While, in my experience, open planning still tends to dominate space planning, how the great room relates to your kitchen or dining area is critical. A person in the kitchen may want to engage with those in the Great Room. But after a meal, do you want to be able to look directly into kitchen activity or messy countertops? Consider various visual or psychological breaks you can use. These can include, strategic post placement, raised bar counters, cabinetry, a change in the floor level, abrupt changes in materials or lighting levels. Often a half bathroom is required for the main floor living spaces. Take care to ensure that while it may serve the open spaces, its entrance is tucked away off the main view axis.
Of course, ceiling beams and trusses can bring down a high ceiling and informally subdivide spaces. The size and spacing of the beams should be a function of the size of the space and the effect desired, if possible, rather than have the space defined by the structure. Too often we let the structure define the space. Then we end up seemingly trying to put a round peg (ourselves) into a square hole. We are not rigid creatures. We tend to like flexibility and respond well to proportion and rhythm. Beam layout should reflect the clusters of activity that will occur. And trusses should similarly relate to the character of the spaces below. Different truss forms foster a certain character (see sidebar).
How lofts or upper floor areas open to floors below effect the feeling in a great room. A large second floor wall space will tend to enclose the room below much more than an open loft. If a large upper floor wall tends to overpower the space below, consider shuttered interior windows or design a ledge or soffit at the break between the upper and lower floors. This can be a solid shelf for display of sculptures, artifacts and plants, or an open wood lattice. I have used this effectively to create interesting lighting possibilities below and above.

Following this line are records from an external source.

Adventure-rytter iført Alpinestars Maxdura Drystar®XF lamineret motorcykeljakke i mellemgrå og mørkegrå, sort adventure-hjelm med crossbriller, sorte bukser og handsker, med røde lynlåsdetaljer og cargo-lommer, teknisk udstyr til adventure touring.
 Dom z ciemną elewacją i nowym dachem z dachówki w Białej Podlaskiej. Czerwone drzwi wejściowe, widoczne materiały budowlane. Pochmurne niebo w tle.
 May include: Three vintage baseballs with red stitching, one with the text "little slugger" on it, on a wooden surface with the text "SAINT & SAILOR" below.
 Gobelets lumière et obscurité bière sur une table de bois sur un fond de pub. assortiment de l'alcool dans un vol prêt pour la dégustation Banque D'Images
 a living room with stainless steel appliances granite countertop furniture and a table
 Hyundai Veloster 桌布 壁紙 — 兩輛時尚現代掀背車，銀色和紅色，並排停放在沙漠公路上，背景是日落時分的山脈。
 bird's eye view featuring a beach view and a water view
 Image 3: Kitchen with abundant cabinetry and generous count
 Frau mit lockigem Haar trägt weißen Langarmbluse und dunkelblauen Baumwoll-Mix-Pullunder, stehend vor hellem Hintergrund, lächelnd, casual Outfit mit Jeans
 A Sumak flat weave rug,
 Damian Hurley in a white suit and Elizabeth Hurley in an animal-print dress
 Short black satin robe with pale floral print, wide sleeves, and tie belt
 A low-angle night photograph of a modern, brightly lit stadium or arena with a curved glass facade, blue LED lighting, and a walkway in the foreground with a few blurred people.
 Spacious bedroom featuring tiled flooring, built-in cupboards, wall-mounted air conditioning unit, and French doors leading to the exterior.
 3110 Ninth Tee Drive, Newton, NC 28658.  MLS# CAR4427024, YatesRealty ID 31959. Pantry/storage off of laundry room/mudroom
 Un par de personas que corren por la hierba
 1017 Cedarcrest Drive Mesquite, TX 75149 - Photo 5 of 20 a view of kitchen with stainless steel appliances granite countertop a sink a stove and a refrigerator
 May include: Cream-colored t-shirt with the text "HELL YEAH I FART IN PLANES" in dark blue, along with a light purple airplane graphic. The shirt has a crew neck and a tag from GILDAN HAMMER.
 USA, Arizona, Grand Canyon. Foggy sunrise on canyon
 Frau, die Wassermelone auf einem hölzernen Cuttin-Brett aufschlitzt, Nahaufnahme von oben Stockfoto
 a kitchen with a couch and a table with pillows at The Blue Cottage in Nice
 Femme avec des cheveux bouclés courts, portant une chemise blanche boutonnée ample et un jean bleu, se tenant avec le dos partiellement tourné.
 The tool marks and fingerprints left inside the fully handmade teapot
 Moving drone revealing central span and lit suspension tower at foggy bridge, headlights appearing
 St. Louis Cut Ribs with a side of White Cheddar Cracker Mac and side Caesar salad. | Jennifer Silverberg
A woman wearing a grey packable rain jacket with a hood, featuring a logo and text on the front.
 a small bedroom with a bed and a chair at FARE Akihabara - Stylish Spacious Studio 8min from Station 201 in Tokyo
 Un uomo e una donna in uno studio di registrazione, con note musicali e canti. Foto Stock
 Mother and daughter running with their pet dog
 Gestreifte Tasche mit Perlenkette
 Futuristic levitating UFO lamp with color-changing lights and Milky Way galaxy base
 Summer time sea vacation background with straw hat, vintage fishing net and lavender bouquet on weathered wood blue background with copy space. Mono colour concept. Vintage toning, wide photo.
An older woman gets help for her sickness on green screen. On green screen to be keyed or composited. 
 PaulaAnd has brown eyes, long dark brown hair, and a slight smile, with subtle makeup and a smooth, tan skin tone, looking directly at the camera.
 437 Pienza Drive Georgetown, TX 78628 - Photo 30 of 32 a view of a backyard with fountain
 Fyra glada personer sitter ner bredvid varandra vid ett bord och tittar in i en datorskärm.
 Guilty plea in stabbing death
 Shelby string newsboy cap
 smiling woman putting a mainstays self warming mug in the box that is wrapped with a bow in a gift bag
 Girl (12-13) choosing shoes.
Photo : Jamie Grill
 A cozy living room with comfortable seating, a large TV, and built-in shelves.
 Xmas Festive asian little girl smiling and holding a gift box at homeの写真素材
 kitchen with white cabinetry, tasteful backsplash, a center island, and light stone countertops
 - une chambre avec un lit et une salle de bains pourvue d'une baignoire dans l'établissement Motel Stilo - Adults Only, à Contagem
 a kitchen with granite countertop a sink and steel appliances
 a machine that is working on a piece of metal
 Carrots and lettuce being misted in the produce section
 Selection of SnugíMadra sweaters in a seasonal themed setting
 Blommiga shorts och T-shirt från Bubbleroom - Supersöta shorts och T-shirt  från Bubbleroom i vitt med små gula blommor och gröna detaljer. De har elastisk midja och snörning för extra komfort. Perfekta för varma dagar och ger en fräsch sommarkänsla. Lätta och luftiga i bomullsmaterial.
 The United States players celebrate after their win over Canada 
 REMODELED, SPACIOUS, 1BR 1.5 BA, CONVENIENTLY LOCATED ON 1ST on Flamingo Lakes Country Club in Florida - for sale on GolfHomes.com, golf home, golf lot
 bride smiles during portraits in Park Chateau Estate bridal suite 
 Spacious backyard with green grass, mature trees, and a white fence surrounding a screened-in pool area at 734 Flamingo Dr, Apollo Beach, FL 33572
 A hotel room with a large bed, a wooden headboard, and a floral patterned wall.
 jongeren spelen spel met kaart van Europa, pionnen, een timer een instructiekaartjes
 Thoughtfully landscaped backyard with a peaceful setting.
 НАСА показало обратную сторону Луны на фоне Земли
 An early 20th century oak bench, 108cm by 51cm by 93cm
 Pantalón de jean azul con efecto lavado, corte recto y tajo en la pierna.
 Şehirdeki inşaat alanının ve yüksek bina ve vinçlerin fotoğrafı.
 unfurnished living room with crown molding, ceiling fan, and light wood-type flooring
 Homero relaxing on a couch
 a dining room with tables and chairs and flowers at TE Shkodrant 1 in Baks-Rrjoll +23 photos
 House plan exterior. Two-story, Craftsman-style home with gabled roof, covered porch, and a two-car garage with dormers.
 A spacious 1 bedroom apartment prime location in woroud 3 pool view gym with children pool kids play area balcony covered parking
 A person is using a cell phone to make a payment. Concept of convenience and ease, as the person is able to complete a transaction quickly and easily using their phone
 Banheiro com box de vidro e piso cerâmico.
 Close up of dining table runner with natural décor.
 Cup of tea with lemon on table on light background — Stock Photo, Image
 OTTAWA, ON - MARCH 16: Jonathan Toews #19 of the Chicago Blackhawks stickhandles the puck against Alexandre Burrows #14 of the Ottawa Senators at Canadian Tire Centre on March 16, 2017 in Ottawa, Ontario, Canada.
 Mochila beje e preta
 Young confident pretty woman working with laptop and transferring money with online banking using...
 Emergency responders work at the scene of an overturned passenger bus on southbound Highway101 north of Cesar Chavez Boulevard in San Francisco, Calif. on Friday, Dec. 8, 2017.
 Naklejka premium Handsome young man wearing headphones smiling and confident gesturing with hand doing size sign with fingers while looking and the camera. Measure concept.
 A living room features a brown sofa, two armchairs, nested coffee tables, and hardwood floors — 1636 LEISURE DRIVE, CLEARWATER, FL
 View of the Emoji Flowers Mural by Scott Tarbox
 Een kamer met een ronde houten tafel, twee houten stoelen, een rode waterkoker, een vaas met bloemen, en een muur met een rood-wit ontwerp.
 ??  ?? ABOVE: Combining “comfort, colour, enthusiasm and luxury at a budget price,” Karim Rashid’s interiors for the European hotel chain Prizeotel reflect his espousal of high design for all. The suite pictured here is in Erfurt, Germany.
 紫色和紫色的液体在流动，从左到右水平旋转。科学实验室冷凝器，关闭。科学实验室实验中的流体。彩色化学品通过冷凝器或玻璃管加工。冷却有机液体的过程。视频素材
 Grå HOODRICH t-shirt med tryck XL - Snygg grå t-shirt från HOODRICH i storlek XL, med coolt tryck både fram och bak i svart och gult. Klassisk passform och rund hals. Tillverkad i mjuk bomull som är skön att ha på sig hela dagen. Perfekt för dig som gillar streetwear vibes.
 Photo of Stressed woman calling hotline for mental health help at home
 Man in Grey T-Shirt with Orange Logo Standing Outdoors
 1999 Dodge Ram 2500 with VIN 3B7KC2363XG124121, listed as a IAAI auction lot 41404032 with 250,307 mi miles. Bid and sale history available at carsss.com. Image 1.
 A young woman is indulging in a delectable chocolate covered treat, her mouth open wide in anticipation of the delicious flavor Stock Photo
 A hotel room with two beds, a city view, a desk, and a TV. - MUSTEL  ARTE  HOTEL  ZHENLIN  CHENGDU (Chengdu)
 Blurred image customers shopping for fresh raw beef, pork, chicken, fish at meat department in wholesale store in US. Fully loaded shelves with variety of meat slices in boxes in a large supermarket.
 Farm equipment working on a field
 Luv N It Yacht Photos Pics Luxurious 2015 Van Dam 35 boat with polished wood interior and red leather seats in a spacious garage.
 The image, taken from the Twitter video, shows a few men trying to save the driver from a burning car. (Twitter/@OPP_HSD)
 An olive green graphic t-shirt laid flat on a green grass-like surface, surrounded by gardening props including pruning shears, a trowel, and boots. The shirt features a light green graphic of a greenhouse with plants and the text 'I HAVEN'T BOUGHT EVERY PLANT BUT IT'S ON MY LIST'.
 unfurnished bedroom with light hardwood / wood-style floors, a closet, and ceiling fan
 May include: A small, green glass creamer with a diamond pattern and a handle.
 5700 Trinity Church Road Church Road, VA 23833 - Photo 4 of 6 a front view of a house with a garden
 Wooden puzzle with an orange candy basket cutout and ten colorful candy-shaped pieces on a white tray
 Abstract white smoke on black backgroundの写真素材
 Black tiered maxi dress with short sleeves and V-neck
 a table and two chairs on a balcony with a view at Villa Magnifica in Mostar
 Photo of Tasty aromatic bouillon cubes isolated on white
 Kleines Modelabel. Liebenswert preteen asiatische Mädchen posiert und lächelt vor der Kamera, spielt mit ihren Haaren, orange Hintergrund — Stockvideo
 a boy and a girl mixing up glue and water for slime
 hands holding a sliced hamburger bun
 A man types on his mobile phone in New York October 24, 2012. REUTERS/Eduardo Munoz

You can choose to have a vaulted central focus your great room with wonderful beam work and sill lower the ceiling height around the periphery to create nooks and alcoves for people to sit alone or in small groups. Activity-oriented spaces transform architecture from visual to living spaces. Book and display cases and entertainment centers also work well set back from the edge of the ceiling vault.
If you use lighting to highlight the exposed timbers, do so subtly at reduced light level so it highlights so as not to take the focus away from the living space below.
Great Rooms can be one of the greatest design challenges in a timber frame home. While we naturally want the drama and architectural interest of a high space and to highlight the beautiful beam work, the high ceilings can have an adverse effect on the perceived spaciousness of the living spaces and make it more difficult to achieve intimacy and warmth. Rather than simply communicating to your Designer pictures of Great Rooms or beam and truss work that impress you, talk about how you live, how you usually inhabit your rooms. Consider different times of day, evenings and weekends, yourself and others that may use the rooms, including kids.
By creatively defining our spaces, being conscious of the effects of variations in ceiling height, by using light and color effectively, and by using the timbers to support the mood inherent in various activities, we can create a wonderful Great Rooms that are not only impressive but remarkably comfortable.